Your instructions: Everything from the line that holds "animonda Vom Feinsten" through the end of the records below is to be transcribed exactly, except the pictures.

Records provided:

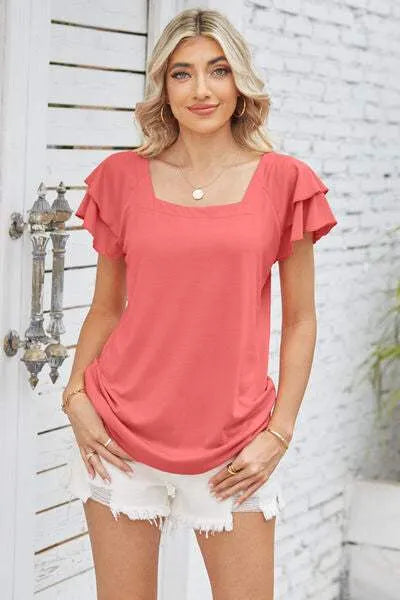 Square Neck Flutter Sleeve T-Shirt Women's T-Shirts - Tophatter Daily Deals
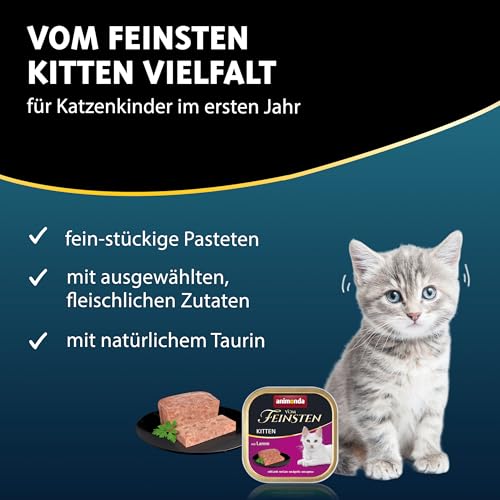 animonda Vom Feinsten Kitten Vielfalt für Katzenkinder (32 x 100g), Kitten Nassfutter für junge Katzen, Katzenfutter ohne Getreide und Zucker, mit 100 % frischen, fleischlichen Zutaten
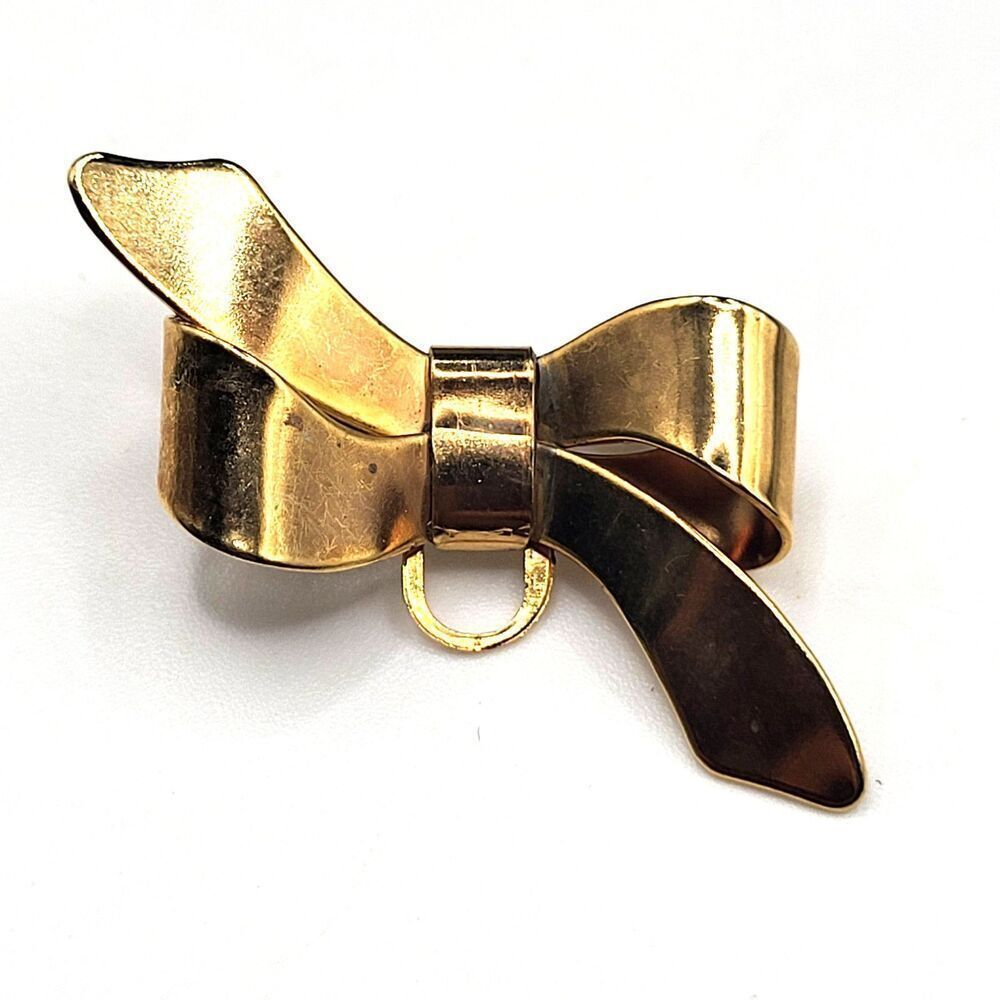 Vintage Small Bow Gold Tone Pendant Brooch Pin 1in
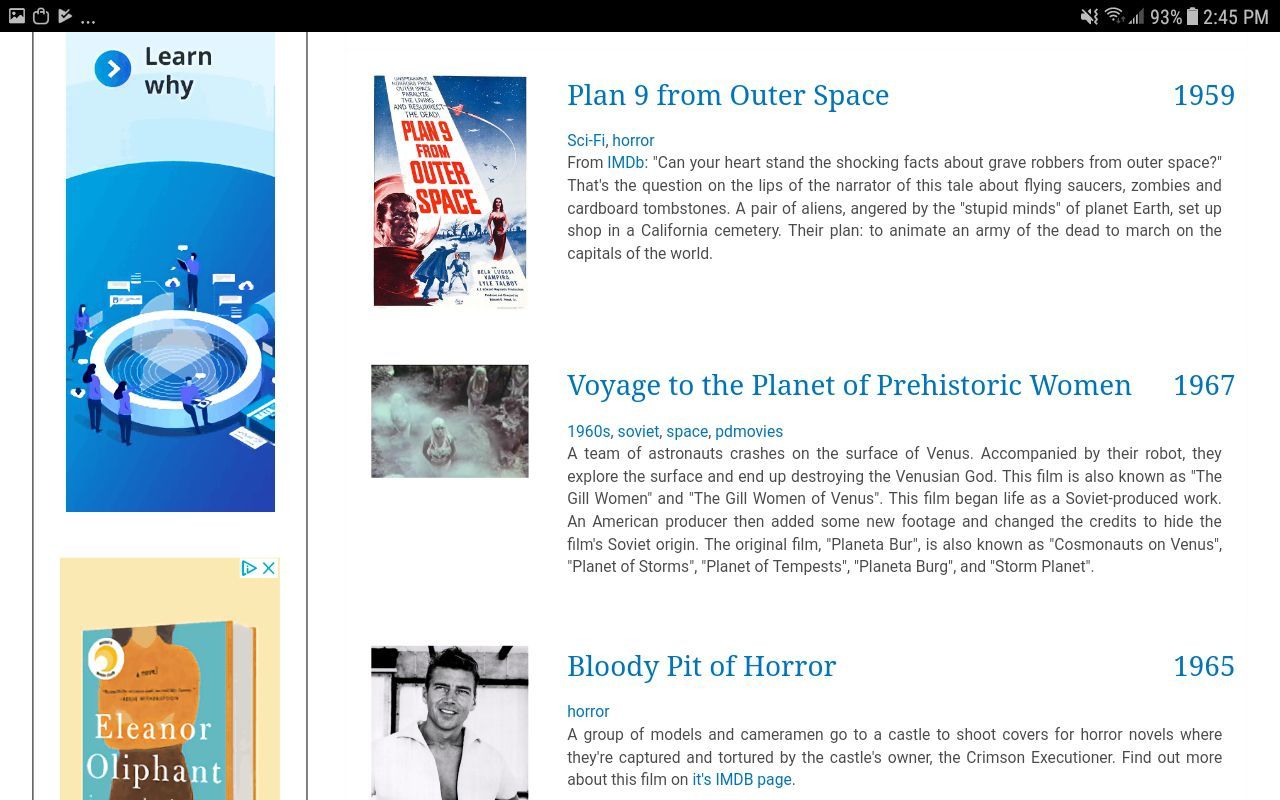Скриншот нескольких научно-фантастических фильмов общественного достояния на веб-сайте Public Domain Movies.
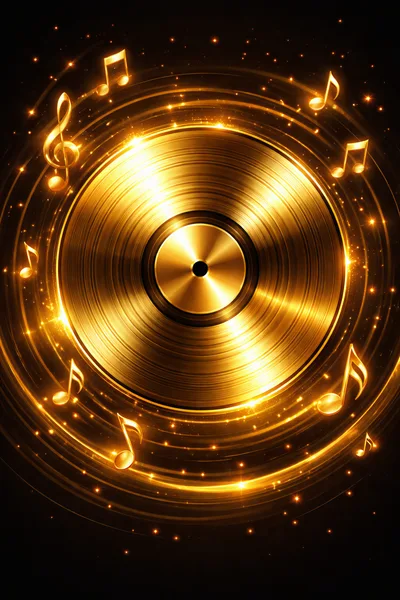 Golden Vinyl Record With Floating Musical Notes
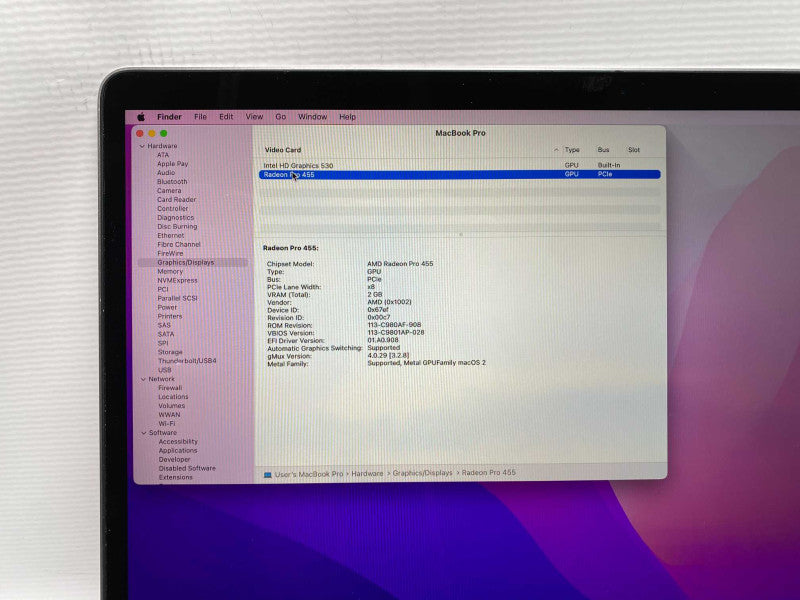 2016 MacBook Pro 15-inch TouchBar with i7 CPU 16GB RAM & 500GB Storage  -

Answer:
 animonda Vom Feinsten Kitten Vielfalt für Katzenkinder (32 x 100g), Kitten Nassfutter für junge Katzen, Katzenfutter ohne Getreide und Zucker, mit 100 % frischen, fleischlichen Zutaten
 Vintage Small Bow Gold Tone Pendant Brooch Pin 1in
Скриншот нескольких научно-фантастических фильмов общественного достояния на веб-сайте Public Domain Movies.
 Golden Vinyl Record With Floating Musical Notes
 2016 MacBook Pro 15-inch TouchBar with i7 CPU 16GB RAM & 500GB Storage  -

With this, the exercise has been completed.